What the task requires:
Every single entry that follows is to be retyped exactly.

Caption-style text data:

++++++++

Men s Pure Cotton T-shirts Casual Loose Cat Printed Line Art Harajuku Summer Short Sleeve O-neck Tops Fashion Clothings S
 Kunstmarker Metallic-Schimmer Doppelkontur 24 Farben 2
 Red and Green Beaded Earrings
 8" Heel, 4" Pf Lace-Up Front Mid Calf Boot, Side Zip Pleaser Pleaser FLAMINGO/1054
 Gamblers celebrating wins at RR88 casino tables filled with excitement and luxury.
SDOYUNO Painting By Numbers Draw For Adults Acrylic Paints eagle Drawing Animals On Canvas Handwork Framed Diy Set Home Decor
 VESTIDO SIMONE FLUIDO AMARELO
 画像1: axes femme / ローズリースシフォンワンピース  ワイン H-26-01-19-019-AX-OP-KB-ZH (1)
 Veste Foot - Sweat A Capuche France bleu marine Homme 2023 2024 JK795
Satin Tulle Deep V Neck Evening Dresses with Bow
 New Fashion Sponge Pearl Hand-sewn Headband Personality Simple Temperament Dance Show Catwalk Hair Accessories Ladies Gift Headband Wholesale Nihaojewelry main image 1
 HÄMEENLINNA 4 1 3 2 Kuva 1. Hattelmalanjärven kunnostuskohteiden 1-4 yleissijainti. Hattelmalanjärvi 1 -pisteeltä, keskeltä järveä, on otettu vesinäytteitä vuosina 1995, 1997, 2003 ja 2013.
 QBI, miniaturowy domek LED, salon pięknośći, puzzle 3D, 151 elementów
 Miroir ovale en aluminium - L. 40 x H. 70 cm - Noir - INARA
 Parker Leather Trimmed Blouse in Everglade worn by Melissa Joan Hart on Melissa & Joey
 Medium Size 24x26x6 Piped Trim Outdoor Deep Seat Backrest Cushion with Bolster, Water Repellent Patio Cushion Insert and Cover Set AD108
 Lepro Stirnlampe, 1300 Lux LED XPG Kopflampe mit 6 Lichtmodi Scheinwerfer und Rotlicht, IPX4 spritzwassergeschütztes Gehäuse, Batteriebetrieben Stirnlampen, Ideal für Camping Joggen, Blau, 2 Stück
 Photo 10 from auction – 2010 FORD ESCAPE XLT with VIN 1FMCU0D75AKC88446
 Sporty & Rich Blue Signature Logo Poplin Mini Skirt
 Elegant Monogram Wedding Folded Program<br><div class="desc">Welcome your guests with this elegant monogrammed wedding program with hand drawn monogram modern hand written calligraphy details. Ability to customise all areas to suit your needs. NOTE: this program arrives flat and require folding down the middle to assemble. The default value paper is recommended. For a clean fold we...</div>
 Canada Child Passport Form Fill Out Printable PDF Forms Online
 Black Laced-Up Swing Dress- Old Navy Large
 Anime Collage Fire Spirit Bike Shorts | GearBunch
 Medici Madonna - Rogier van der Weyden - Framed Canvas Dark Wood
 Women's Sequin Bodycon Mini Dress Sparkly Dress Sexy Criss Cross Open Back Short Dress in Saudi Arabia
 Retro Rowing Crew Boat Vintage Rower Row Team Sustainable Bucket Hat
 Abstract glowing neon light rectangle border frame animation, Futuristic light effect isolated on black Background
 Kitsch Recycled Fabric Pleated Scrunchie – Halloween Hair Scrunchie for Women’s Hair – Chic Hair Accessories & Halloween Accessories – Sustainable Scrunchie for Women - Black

++++++++

Answer space:
Men s Pure Cotton T-shirts Casual Loose Cat Printed Line Art Harajuku Summer Short Sleeve O-neck Tops Fashion Clothings S
 Kunstmarker Metallic-Schimmer Doppelkontur 24 Farben 2
 Red and Green Beaded Earrings
 8" Heel, 4" Pf Lace-Up Front Mid Calf Boot, Side Zip Pleaser Pleaser FLAMINGO/1054
 Gamblers celebrating wins at RR88 casino tables filled with excitement and luxury.
SDOYUNO Painting By Numbers Draw For Adults Acrylic Paints eagle Drawing Animals On Canvas Handwork Framed Diy Set Home Decor
 VESTIDO SIMONE FLUIDO AMARELO
 画像1: axes femme / ローズリースシフォンワンピース  ワイン H-26-01-19-019-AX-OP-KB-ZH (1)
 Veste Foot - Sweat A Capuche France bleu marine Homme 2023 2024 JK795
Satin Tulle Deep V Neck Evening Dresses with Bow
 New Fashion Sponge Pearl Hand-sewn Headband Personality Simple Temperament Dance Show Catwalk Hair Accessories Ladies Gift Headband Wholesale Nihaojewelry main image 1
 HÄMEENLINNA 4 1 3 2 Kuva 1. Hattelmalanjärven kunnostuskohteiden 1-4 yleissijainti. Hattelmalanjärvi 1 -pisteeltä, keskeltä järveä, on otettu vesinäytteitä vuosina 1995, 1997, 2003 ja 2013.
 QBI, miniaturowy domek LED, salon pięknośći, puzzle 3D, 151 elementów
 Miroir ovale en aluminium - L. 40 x H. 70 cm - Noir - INARA
 Parker Leather Trimmed Blouse in Everglade worn by Melissa Joan Hart on Melissa & Joey
 Medium Size 24x26x6 Piped Trim Outdoor Deep Seat Backrest Cushion with Bolster, Water Repellent Patio Cushion Insert and Cover Set AD108
 Lepro Stirnlampe, 1300 Lux LED XPG Kopflampe mit 6 Lichtmodi Scheinwerfer und Rotlicht, IPX4 spritzwassergeschütztes Gehäuse, Batteriebetrieben Stirnlampen, Ideal für Camping Joggen, Blau, 2 Stück
 Photo 10 from auction – 2010 FORD ESCAPE XLT with VIN 1FMCU0D75AKC88446
 Sporty & Rich Blue Signature Logo Poplin Mini Skirt
 Elegant Monogram Wedding Folded Program<br><div class="desc">Welcome your guests with this elegant monogrammed wedding program with hand drawn monogram modern hand written calligraphy details. Ability to customise all areas to suit your needs. NOTE: this program arrives flat and require folding down the middle to assemble. The default value paper is recommended. For a clean fold we...</div>
 Canada Child Passport Form Fill Out Printable PDF Forms Online
 Black Laced-Up Swing Dress- Old Navy Large
 Anime Collage Fire Spirit Bike Shorts | GearBunch
 Medici Madonna - Rogier van der Weyden - Framed Canvas Dark Wood
 Women's Sequin Bodycon Mini Dress Sparkly Dress Sexy Criss Cross Open Back Short Dress in Saudi Arabia
 Retro Rowing Crew Boat Vintage Rower Row Team Sustainable Bucket Hat
 Abstract glowing neon light rectangle border frame animation, Futuristic light effect isolated on black Background
 Kitsch Recycled Fabric Pleated Scrunchie – Halloween Hair Scrunchie for Women’s Hair – Chic Hair Accessories & Halloween Accessories – Sustainable Scrunchie for Women - Black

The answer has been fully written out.